§ **What the exercise asks**: An image-free, exact copy of the records below is required.

(Pictures with short captions)
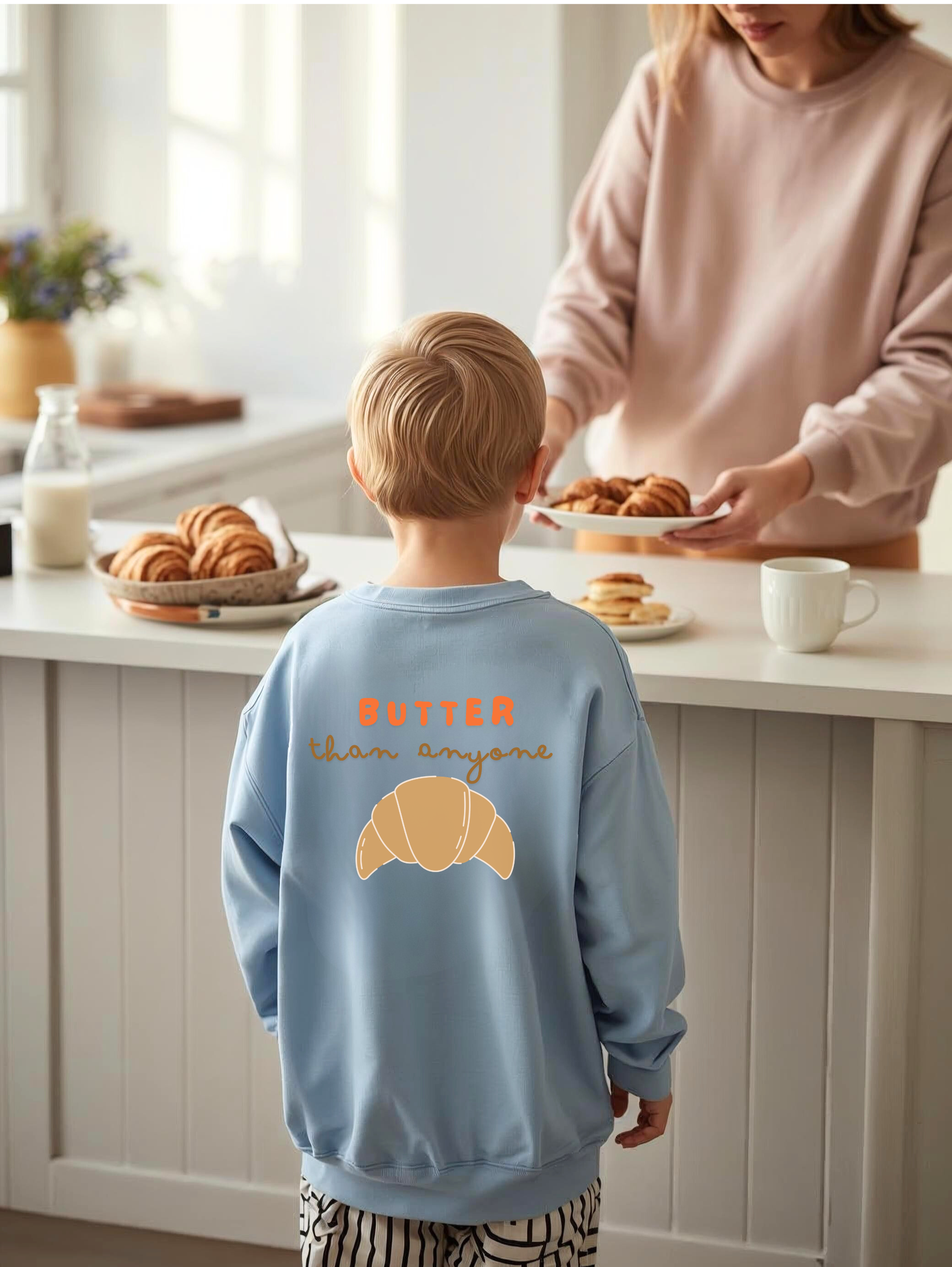 Kids Sweatshirt — 'Butter Than Anyone' Croissant Cozy Comfy Crewneck product thumbnail image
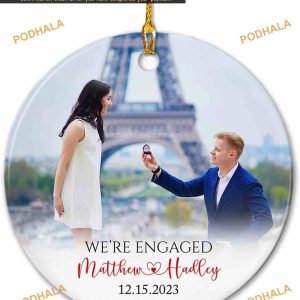 Engaged 2023 Personalized Photo Ceramic Ornament, Custom Couple First Christmas Memory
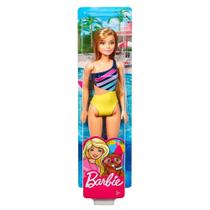 Boneca Barbie Loira Praia Maio Listrado Azul Amarelo Mattel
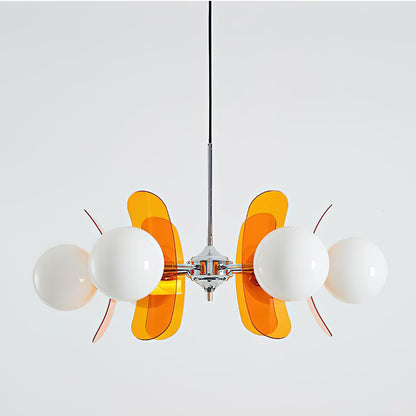 Suspension Florale Métal Verre | Câble Réglable Abat-jour Verre | Série Éclat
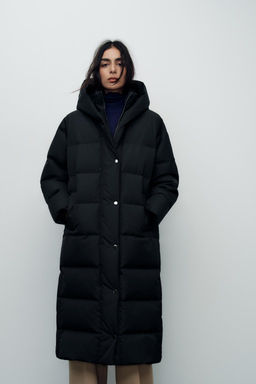 LONG HOODED WATER AND WIND-PROOF PUFFER JACKET - Zara фото 2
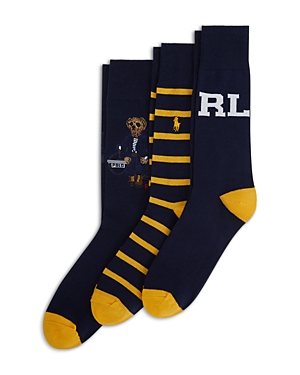 Shop Polo Ralph Lauren Denim Bear Socks Gift Box- 3 Pk. In Assorted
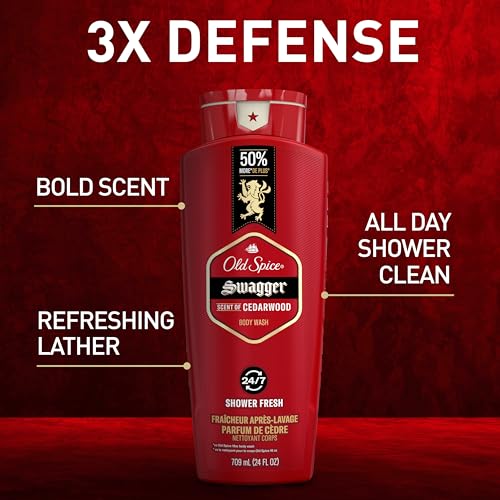 Old Spice Red Collection Swagger Scent with Cedarwood, Men's Body Wash, 24 oz (Pack of 2) - Morena Vogue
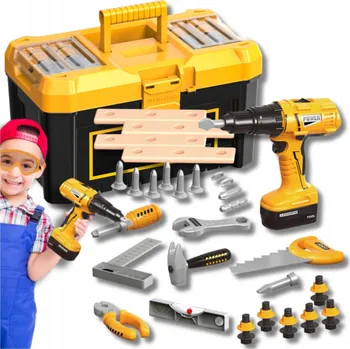 Sada nářadí SADA NÁŘADÍ V KUFRU PRO KUTILY, VRTAČKA, ŠROUBOVÁK, DÍLNA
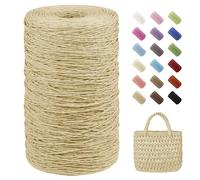 Uiopa Rafia para Tejer Crochet, 460g/700m Hilo de Rafia Natural, Hilo Crochet de Papel para Bolsos, Sombreros, Cestas, Decoración, Manualidades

§ **Solution to the problem**:
 Kids Sweatshirt — 'Butter Than Anyone' Croissant Cozy Comfy Crewneck product thumbnail image
 Engaged 2023 Personalized Photo Ceramic Ornament, Custom Couple First Christmas Memory
 Boneca Barbie Loira Praia Maio Listrado Azul Amarelo Mattel
 Suspension Florale Métal Verre | Câble Réglable Abat-jour Verre | Série Éclat
 LONG HOODED WATER AND WIND-PROOF PUFFER JACKET - Zara фото 2
 Shop Polo Ralph Lauren Denim Bear Socks Gift Box- 3 Pk. In Assorted
 Old Spice Red Collection Swagger Scent with Cedarwood, Men's Body Wash, 24 oz (Pack of 2) - Morena Vogue
 Sada nářadí SADA NÁŘADÍ V KUFRU PRO KUTILY, VRTAČKA, ŠROUBOVÁK, DÍLNA
 Uiopa Rafia para Tejer Crochet, 460g/700m Hilo de Rafia Natural, Hilo Crochet de Papel para Bolsos, Sombreros, Cestas, Decoración, Manualidades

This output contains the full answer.